▸ Record excerpts

━━━━━━━━━━━━━━━━

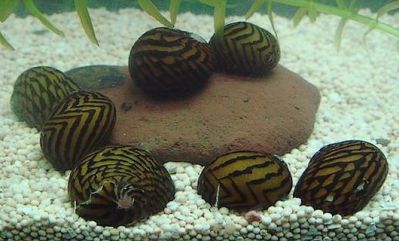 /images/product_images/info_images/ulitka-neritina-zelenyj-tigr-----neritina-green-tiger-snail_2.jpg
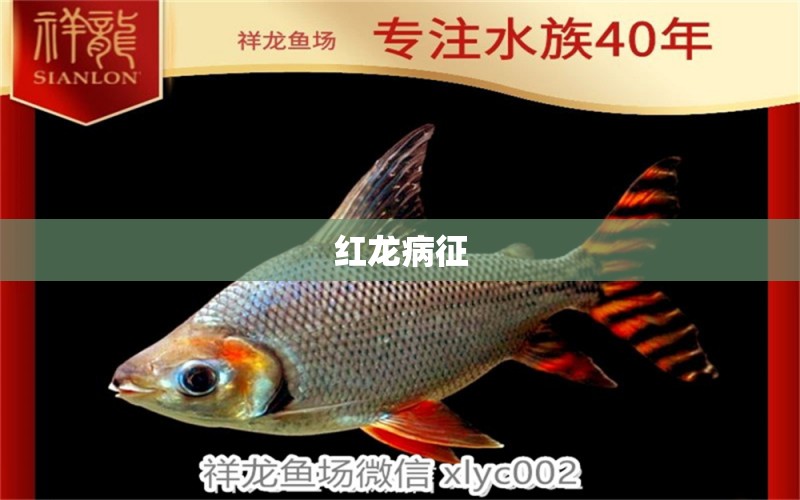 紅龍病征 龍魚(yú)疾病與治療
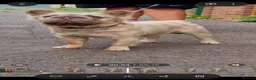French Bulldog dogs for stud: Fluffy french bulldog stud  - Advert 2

━━━━━━━━━━━━━━━━

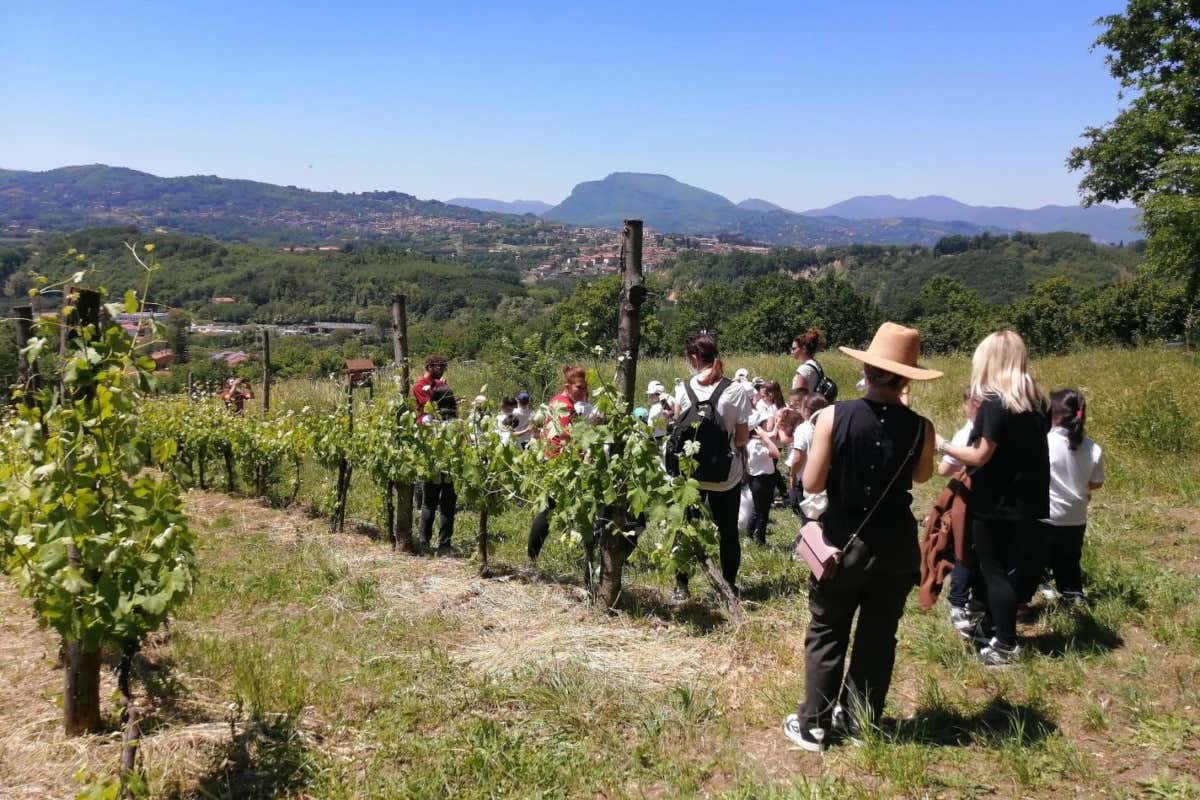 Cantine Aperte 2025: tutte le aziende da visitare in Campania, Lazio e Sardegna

━━━━━━━━━━━━━━━━

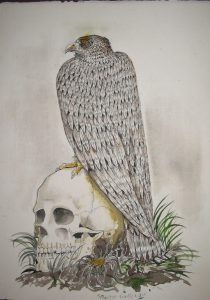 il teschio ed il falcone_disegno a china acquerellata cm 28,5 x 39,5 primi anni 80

━━━━━━━━━━━━━━━━

▸ Work task
Though the entries above contain pictures, none should be copied; reproduce only the lines between the one holding "紅龍病征 龍魚(yú)疾病與治療" and the one holding "French Bulldog dogs", inclusive, exactly as written.

▸ Exercise result
 紅龍病征 龍魚(yú)疾病與治療
French Bulldog dogs for stud: Fluffy french bulldog stud  - Advert 2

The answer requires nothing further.